I've also been sick for the last few days which has pushed things back a bit, but I have a few free evenings this week so may get to it then. 

Cheers,
Shaun


----------



## byegad (29 Nov 2011)

No worries, hope you are back to normal now.


----------



## Shaun (29 Nov 2011)

Feeling a lot better thanks ... now if only I could get the server back to normal ... lol


----------



## Shaun (30 Nov 2011)

I've taken some of the brightness out of the background, but if I go too far it will require all of the other layout elements to be changed to contrast with it.

It is possible to create "child" styles based on the main one so I may, when I have some time, be able to create a less bright version of the main layout - but there are a lot of elements that make up the pages so you'll have to give me some time to work it all out.

I'll post once I've got something to look at, but it may be a little while.

Cheers,
Shaun


----------



## Scoosh (30 Nov 2011)

Looks good now - not quite as 'glarey'


----------



## byegad (4 Dec 2011)

I'm still struggling. Either the print is clear and easy to ride and I get yet another migraine, or I don;t get the mugraine and the print is hard to see.

This is becoming a deal breaker for me, no improvement means I'm looking at not bothering with the forum.


----------



## Shaun (4 Dec 2011)

I've created a copy of the current theme with a darker background - click at the bottom left and select the style *Darker*.

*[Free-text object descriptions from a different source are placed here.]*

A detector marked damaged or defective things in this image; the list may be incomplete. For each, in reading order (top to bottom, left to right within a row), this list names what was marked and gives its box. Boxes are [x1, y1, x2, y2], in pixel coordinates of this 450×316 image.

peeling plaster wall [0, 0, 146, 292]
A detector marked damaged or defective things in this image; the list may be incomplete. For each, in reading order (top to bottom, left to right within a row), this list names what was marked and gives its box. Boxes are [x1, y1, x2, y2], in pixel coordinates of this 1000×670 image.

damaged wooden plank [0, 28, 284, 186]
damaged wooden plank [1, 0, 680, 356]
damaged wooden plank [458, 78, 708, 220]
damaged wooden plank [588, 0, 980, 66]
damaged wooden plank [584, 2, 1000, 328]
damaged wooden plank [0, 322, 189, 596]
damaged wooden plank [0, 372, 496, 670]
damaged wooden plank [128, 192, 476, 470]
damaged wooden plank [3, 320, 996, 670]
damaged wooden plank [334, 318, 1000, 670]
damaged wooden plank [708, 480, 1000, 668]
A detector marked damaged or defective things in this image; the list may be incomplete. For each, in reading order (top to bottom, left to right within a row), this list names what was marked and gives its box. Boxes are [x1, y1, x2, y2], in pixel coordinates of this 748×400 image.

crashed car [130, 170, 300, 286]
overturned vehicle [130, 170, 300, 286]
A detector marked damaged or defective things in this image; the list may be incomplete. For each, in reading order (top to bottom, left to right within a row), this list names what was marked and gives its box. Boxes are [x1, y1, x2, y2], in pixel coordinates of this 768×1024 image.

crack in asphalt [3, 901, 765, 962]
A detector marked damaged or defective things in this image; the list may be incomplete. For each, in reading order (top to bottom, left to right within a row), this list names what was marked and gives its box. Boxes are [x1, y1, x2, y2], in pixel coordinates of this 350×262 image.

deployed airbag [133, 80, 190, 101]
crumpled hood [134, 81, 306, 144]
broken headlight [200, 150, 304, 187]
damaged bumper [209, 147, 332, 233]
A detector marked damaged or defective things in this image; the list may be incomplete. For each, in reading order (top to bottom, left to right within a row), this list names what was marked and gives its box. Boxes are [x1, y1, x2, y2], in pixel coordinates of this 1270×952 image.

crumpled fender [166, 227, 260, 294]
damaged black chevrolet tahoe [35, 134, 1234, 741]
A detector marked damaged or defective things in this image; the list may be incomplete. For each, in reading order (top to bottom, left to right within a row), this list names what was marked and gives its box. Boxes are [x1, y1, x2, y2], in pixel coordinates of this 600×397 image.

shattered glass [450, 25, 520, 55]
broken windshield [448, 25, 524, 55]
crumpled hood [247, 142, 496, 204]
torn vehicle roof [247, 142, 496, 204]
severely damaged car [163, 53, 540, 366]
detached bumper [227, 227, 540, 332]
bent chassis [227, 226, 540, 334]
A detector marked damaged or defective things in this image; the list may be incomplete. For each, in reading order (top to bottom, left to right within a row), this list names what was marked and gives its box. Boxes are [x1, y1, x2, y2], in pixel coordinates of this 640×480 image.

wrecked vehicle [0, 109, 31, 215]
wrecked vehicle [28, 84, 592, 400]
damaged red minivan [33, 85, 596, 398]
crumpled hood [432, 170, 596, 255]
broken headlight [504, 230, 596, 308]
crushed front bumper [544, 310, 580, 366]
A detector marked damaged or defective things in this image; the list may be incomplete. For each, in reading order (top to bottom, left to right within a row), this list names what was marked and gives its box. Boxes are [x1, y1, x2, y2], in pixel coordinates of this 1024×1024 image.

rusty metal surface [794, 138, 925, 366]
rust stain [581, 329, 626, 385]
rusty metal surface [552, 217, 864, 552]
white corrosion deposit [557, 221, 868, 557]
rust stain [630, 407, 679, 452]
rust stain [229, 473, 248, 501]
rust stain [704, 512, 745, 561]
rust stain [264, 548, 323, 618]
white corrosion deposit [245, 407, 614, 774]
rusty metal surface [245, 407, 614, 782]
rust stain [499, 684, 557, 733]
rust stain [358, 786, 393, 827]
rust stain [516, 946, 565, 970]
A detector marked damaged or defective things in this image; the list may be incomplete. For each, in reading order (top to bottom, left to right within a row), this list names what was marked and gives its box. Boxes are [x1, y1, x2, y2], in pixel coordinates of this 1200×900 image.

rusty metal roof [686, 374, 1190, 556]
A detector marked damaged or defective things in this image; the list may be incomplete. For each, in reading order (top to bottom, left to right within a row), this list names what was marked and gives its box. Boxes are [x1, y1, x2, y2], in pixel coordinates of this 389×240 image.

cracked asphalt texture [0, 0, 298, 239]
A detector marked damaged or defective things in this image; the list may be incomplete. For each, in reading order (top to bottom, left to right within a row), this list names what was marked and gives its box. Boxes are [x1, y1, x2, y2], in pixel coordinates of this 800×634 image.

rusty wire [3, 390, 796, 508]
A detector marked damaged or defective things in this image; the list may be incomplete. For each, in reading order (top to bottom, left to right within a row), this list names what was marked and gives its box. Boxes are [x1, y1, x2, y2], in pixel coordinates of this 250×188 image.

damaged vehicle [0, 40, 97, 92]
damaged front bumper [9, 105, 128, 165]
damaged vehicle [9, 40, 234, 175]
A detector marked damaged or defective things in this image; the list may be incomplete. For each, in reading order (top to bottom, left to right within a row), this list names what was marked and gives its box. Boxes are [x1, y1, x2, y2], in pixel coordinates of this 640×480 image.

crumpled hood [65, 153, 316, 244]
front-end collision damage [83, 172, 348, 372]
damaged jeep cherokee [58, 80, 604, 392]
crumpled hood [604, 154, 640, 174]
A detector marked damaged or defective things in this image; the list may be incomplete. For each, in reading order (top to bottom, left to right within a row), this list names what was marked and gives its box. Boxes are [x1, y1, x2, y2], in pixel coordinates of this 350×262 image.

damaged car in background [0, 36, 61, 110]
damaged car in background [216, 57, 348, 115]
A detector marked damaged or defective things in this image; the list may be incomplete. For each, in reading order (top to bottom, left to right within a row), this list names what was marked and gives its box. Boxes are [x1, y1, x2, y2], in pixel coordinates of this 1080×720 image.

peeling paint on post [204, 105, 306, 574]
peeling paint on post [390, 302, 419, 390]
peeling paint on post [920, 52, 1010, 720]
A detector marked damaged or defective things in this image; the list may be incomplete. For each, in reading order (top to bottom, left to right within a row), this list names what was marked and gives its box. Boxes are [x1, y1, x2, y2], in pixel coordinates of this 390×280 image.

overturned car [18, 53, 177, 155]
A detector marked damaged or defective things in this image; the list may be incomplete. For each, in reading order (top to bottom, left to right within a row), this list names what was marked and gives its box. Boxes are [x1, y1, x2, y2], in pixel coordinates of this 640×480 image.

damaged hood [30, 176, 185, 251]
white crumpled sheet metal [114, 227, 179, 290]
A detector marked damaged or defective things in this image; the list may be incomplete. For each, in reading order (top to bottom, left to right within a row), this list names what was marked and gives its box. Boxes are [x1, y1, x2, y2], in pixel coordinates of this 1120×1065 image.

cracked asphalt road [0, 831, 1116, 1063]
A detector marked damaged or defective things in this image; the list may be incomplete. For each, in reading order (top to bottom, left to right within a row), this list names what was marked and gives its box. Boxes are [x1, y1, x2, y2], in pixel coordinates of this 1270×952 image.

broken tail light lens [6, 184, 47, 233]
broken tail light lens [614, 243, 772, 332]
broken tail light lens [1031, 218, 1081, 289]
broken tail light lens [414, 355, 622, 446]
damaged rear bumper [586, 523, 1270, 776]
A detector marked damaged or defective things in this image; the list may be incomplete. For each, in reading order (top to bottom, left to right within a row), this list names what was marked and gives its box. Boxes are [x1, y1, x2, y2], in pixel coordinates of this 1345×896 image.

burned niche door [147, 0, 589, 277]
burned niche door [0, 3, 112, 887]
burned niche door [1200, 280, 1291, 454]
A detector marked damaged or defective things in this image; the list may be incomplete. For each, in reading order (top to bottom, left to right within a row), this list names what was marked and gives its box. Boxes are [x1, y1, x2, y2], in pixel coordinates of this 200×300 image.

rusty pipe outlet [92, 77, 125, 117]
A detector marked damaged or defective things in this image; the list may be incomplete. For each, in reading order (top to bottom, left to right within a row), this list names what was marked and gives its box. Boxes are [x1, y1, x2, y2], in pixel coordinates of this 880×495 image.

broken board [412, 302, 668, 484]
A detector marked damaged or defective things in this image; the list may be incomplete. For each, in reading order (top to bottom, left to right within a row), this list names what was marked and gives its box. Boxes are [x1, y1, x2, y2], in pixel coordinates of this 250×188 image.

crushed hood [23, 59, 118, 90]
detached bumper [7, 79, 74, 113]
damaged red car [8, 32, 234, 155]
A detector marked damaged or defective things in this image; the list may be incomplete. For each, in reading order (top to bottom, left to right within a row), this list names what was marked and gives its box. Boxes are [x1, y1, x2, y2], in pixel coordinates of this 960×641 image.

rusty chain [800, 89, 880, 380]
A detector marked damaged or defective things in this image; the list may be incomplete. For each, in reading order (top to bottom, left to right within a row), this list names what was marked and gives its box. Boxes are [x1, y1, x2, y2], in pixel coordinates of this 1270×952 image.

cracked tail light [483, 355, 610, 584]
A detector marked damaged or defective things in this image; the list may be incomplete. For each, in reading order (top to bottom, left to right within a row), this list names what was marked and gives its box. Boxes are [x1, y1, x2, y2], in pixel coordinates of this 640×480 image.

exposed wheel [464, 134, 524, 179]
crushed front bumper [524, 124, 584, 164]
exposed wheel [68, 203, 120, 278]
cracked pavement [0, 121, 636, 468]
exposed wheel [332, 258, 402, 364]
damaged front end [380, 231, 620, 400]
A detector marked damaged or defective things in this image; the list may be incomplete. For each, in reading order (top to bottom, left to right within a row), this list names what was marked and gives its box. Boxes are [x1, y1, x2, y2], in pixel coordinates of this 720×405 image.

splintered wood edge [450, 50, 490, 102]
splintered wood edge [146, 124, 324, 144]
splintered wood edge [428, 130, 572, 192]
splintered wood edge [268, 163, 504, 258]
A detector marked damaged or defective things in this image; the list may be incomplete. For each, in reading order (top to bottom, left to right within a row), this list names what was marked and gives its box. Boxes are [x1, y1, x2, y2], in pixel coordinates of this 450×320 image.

If that's no good then you'll either have to wait or not bother using the site.

Shaun


----------



## Asa Post (4 Dec 2011)

Admin said:


> I've created a copy of the current theme with a darker background - click at the bottom left and select the style *Darker*.
> 
> If that's no good then you'll either have to wait or not bother using the site.


 
It's good for me. 

Thanks Shaun


----------



## byegad (5 Dec 2011)

Admin said:


> I've created a copy of the current theme with a darker background - click at the bottom left and select the style *Darker*.
> 
> If that's no good then you'll either have to wait or not bother using the site.
> 
> Shaun


Excellent! Just what I needed. Thank you very, very much.


----------



## martint235 (5 Dec 2011)

Shaun, cheers for that. "Darker" is much better!


----------



## Shaun (5 Dec 2011)

It was a quick-and-dirty job so some elements may not work as well, but if it does the trick, that's good.


----------



## dellzeqq (5 Dec 2011)

that's good. Possibly not for people with poor vision, but it adds a bit of style to the page


----------



## theclaud (5 Dec 2011)

Likin' the Darker thang. Thanks Shaun.


----------